Nothing but the lines from the start of the data through the line with "Men's Red T-Shirt" should appear in the answer, each retyped exactly, and pictures should not.

▶ **Recorded information**
────

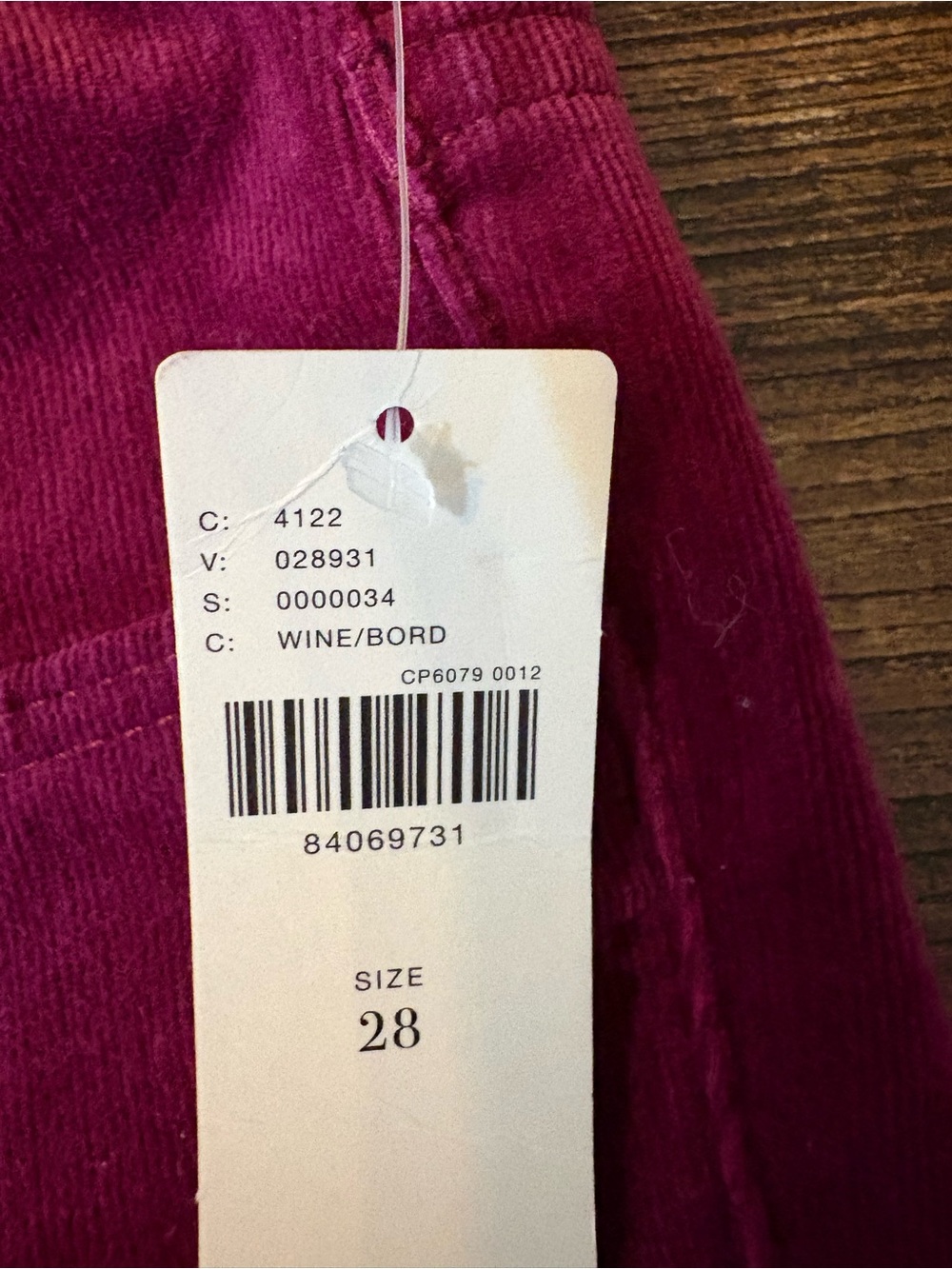 Anthropologie Pilcro High-Rise Skinny Corduroy Pants Women 28 Burgundy NWT - Picture 7 of 9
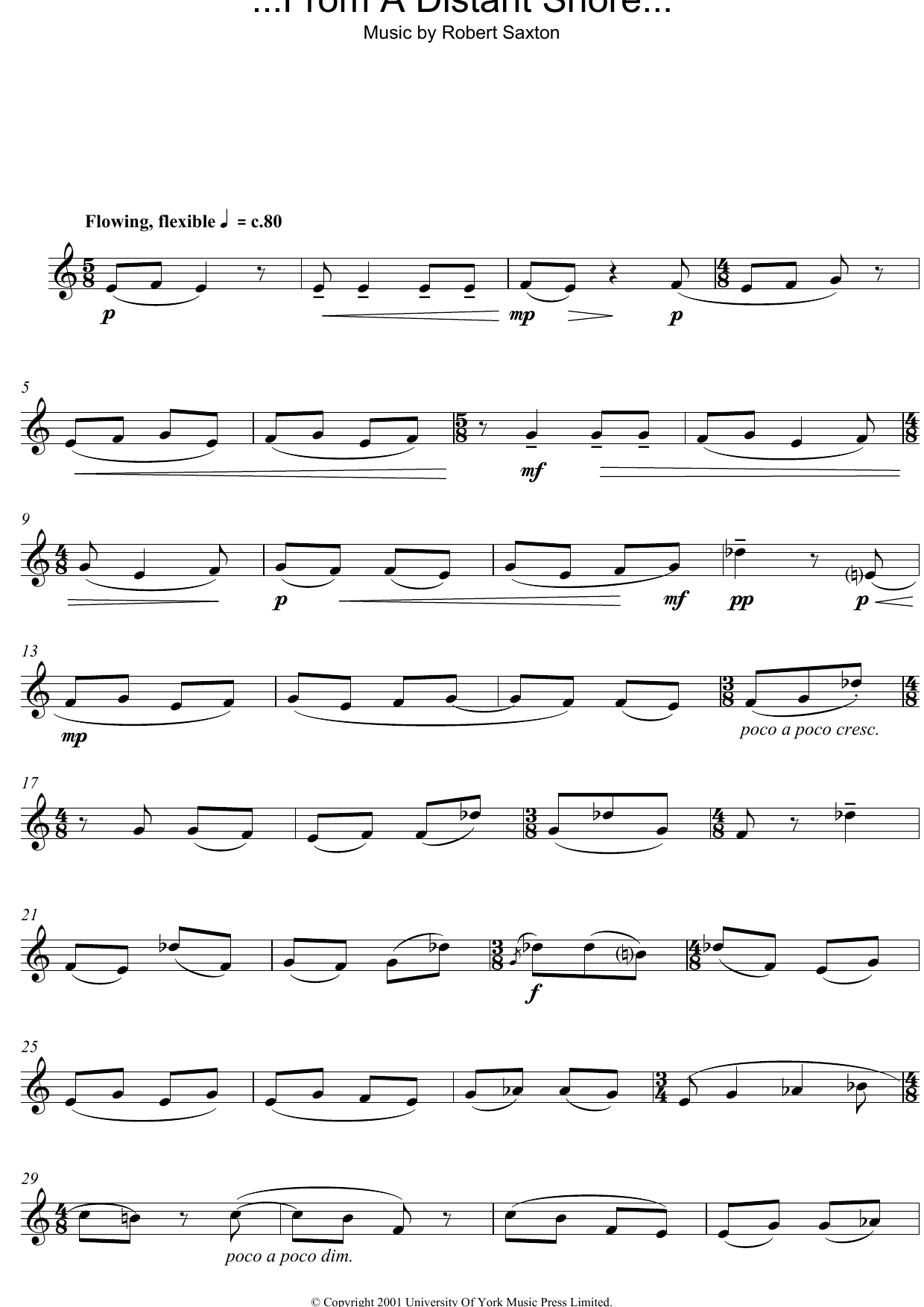 Robert Saxton ...From A Distant Shore... Sheet Music Notes & Chords for Oboe - Download or Print PDF
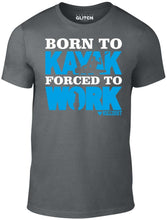 Men's Red T-Shirt With a Born to Kayak Forced to Work  Printed Design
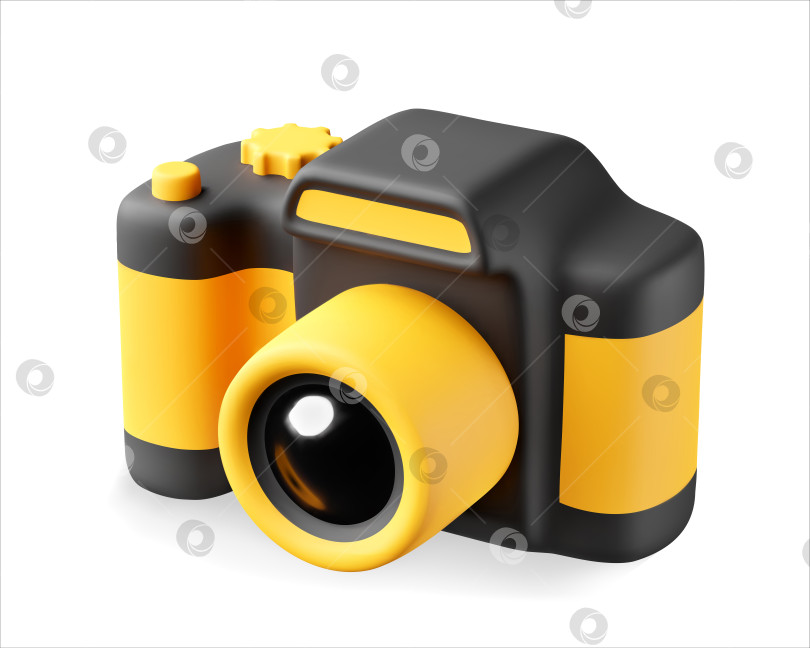 Скачать Цифровая фотокамера с милым 3D-рисунком в черно-желтом цвете, выделенная на белом фоне. Элемент дизайна для фото- или видеоблога, концепции SMM или продвижения. Векторная иллюстрация 3D-рендера. фотосток Ozero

────

▶ **Expected answer**
 Anthropologie Pilcro High-Rise Skinny Corduroy Pants Women 28 Burgundy NWT - Picture 7 of 9
 Robert Saxton ...From A Distant Shore... Sheet Music Notes & Chords for Oboe - Download or Print PDF
 Men's Red T-Shirt With a Born to Kayak Forced to Work  Printed Design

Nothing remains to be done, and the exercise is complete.